#### [PROMPT]
Your answer should hold only the lines from the one containing "22 Pallet Dry" through the last line below, copied exactly; pictures stay out.

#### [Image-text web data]
┄┄┄┄┄┄┄┄┄┄┄┄┄┄┄┄┄┄┄┄

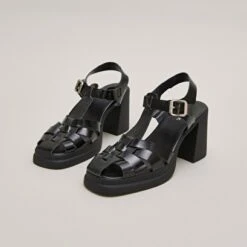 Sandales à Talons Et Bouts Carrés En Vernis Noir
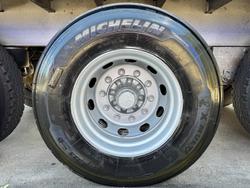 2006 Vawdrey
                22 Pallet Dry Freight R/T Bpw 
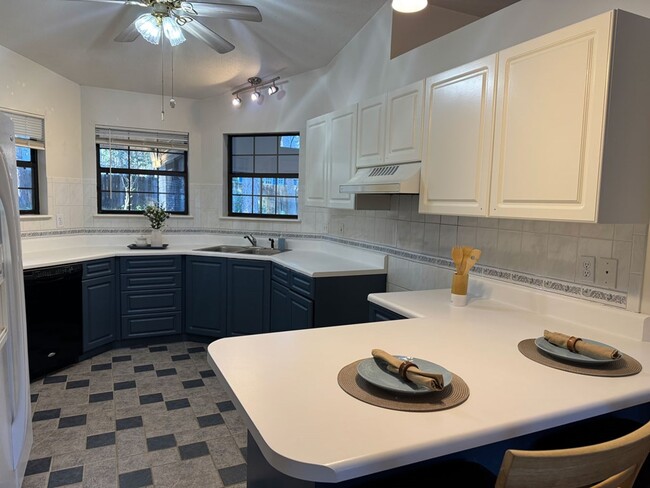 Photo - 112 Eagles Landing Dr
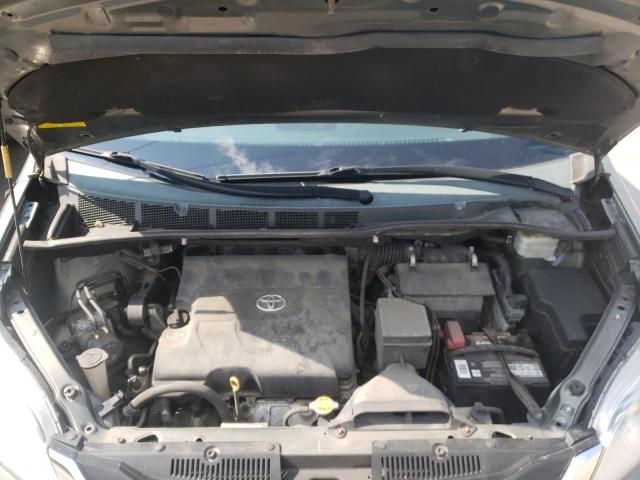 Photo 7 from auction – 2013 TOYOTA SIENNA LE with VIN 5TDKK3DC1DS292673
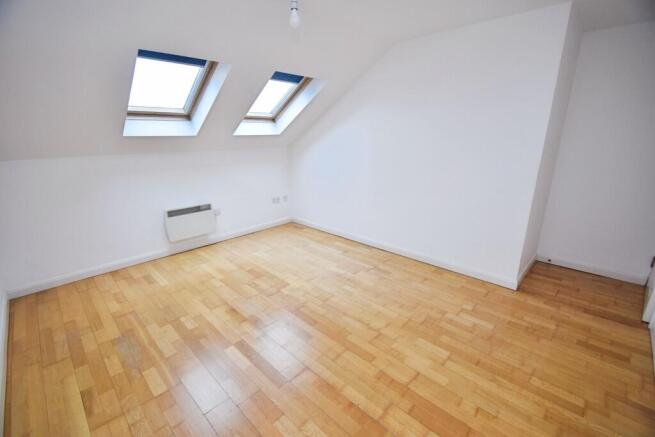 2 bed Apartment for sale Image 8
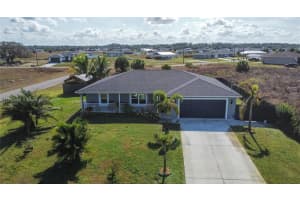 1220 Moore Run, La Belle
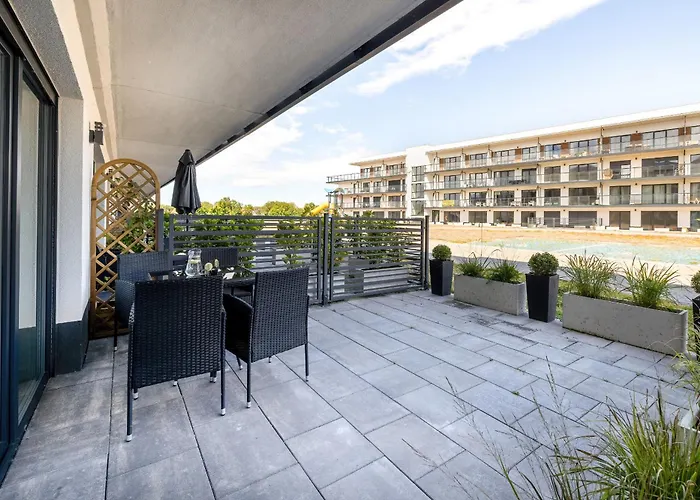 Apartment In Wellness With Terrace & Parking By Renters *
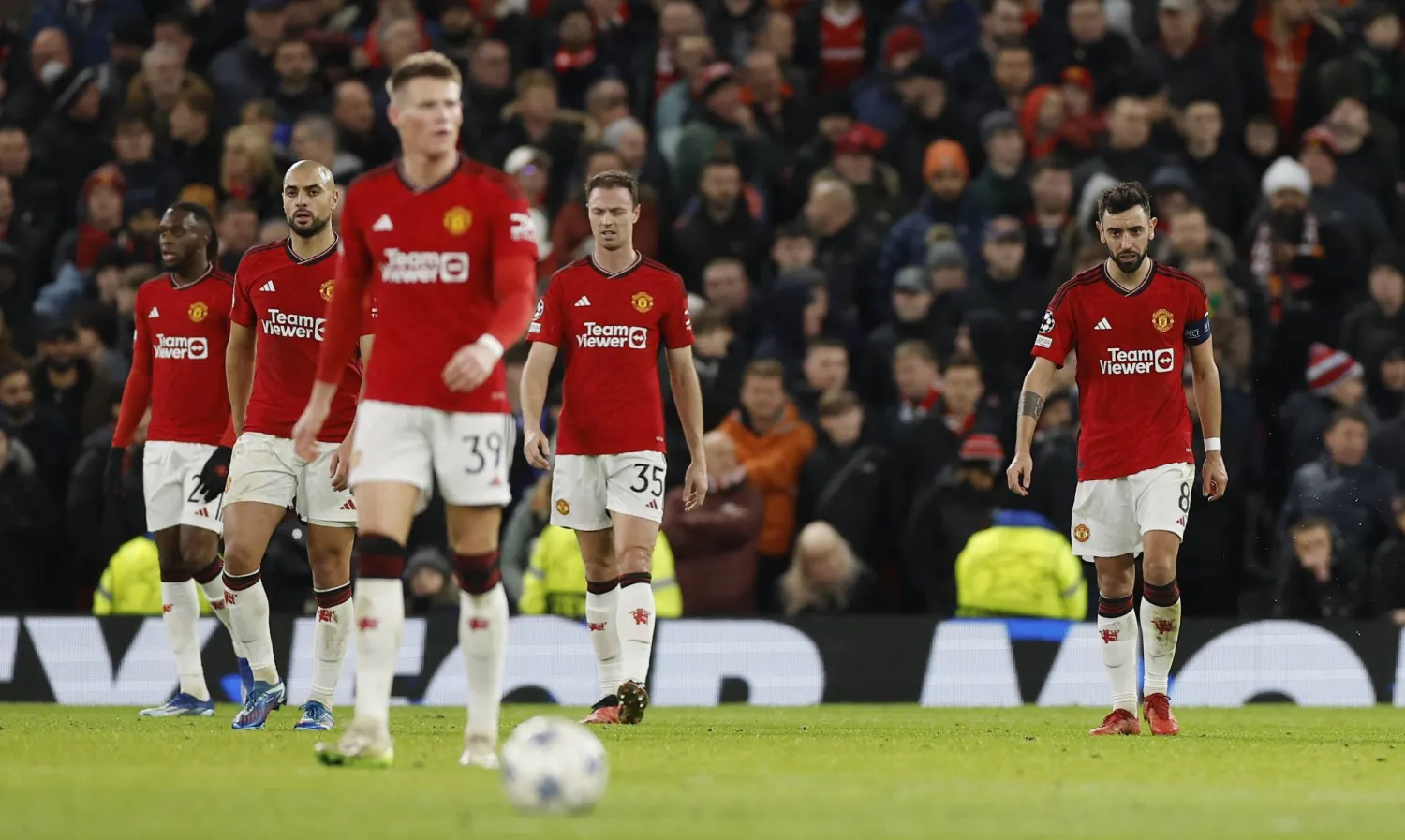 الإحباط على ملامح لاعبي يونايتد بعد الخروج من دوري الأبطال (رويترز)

┄┄┄┄┄┄┄┄┄┄┄┄┄┄┄┄┄┄┄┄

#### [OUTPUT]
                22 Pallet Dry Freight R/T Bpw 
 Photo - 112 Eagles Landing Dr
 Photo 7 from auction – 2013 TOYOTA SIENNA LE with VIN 5TDKK3DC1DS292673
 2 bed Apartment for sale Image 8
 1220 Moore Run, La Belle
 Apartment In Wellness With Terrace & Parking By Renters *
 الإحباط على ملامح لاعبي يونايتد بعد الخروج من دوري الأبطال (رويترز)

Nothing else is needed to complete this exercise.